TASK BRIEF.
Your answer must consist of exactly the lines below, starting with the line with "Certified 2024 Hyundai" and going on through the line with "Karçal Dağları", and nothing else.

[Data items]
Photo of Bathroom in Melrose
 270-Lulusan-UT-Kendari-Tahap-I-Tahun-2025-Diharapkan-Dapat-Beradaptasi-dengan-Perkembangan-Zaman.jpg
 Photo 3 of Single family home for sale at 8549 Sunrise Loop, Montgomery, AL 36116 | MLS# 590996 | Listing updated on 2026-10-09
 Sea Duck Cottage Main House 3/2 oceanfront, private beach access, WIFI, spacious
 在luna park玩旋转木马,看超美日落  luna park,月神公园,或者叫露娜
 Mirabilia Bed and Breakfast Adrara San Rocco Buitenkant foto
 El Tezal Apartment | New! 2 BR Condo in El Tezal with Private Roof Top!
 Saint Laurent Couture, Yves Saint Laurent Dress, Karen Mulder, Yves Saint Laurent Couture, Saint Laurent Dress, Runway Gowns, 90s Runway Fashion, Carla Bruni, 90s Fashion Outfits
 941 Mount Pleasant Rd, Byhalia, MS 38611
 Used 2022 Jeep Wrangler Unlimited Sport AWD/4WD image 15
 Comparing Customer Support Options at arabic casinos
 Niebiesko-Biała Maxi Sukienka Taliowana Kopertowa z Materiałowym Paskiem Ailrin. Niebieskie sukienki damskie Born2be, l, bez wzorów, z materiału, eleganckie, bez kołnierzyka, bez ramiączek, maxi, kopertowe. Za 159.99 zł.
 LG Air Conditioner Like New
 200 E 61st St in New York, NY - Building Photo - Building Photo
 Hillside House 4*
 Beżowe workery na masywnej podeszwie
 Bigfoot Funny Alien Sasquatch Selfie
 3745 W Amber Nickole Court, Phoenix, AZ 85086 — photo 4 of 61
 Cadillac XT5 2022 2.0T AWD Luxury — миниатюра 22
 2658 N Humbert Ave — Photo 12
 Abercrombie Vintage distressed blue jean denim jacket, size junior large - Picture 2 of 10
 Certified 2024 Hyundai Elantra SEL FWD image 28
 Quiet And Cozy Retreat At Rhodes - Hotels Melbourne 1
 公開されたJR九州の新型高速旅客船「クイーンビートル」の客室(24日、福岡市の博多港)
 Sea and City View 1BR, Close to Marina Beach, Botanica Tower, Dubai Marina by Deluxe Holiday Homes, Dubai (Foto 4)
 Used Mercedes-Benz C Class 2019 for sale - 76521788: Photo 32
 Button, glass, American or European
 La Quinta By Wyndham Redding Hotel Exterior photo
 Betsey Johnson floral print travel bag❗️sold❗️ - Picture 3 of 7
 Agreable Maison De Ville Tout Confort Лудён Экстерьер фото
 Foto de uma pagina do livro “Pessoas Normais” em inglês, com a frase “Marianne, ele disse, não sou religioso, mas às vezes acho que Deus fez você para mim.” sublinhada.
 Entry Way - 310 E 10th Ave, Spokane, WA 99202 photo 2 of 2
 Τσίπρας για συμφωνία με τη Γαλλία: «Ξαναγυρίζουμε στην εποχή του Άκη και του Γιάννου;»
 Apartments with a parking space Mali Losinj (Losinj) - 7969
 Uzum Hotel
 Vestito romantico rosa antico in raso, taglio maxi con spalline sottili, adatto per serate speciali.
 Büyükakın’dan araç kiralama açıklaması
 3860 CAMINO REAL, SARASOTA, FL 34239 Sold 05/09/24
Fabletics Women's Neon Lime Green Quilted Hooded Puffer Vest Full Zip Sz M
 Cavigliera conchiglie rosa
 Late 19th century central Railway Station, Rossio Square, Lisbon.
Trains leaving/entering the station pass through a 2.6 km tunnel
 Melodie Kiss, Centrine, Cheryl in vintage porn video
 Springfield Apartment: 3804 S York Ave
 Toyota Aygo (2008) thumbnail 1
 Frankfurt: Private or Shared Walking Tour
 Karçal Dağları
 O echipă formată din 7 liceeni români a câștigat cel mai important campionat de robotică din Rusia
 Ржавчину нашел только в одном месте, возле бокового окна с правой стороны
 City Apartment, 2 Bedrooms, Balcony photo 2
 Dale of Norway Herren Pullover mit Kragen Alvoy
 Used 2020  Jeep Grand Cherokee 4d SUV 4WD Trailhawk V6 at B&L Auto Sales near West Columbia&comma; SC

TASK RESPONSE.
 Certified 2024 Hyundai Elantra SEL FWD image 28
 Quiet And Cozy Retreat At Rhodes - Hotels Melbourne 1
 公開されたJR九州の新型高速旅客船「クイーンビートル」の客室(24日、福岡市の博多港)
 Sea and City View 1BR, Close to Marina Beach, Botanica Tower, Dubai Marina by Deluxe Holiday Homes, Dubai (Foto 4)
 Used Mercedes-Benz C Class 2019 for sale - 76521788: Photo 32
 Button, glass, American or European
 La Quinta By Wyndham Redding Hotel Exterior photo
 Betsey Johnson floral print travel bag❗️sold❗️ - Picture 3 of 7
 Agreable Maison De Ville Tout Confort Лудён Экстерьер фото
 Foto de uma pagina do livro “Pessoas Normais” em inglês, com a frase “Marianne, ele disse, não sou religioso, mas às vezes acho que Deus fez você para mim.” sublinhada.
 Entry Way - 310 E 10th Ave, Spokane, WA 99202 photo 2 of 2
 Τσίπρας για συμφωνία με τη Γαλλία: «Ξαναγυρίζουμε στην εποχή του Άκη και του Γιάννου;»
 Apartments with a parking space Mali Losinj (Losinj) - 7969
 Uzum Hotel
 Vestito romantico rosa antico in raso, taglio maxi con spalline sottili, adatto per serate speciali.
 Büyükakın’dan araç kiralama açıklaması
 3860 CAMINO REAL, SARASOTA, FL 34239 Sold 05/09/24
Fabletics Women's Neon Lime Green Quilted Hooded Puffer Vest Full Zip Sz M
 Cavigliera conchiglie rosa
 Late 19th century central Railway Station, Rossio Square, Lisbon.
Trains leaving/entering the station pass through a 2.6 km tunnel
 Melodie Kiss, Centrine, Cheryl in vintage porn video
 Springfield Apartment: 3804 S York Ave
 Toyota Aygo (2008) thumbnail 1
 Frankfurt: Private or Shared Walking Tour
 Karçal Dağları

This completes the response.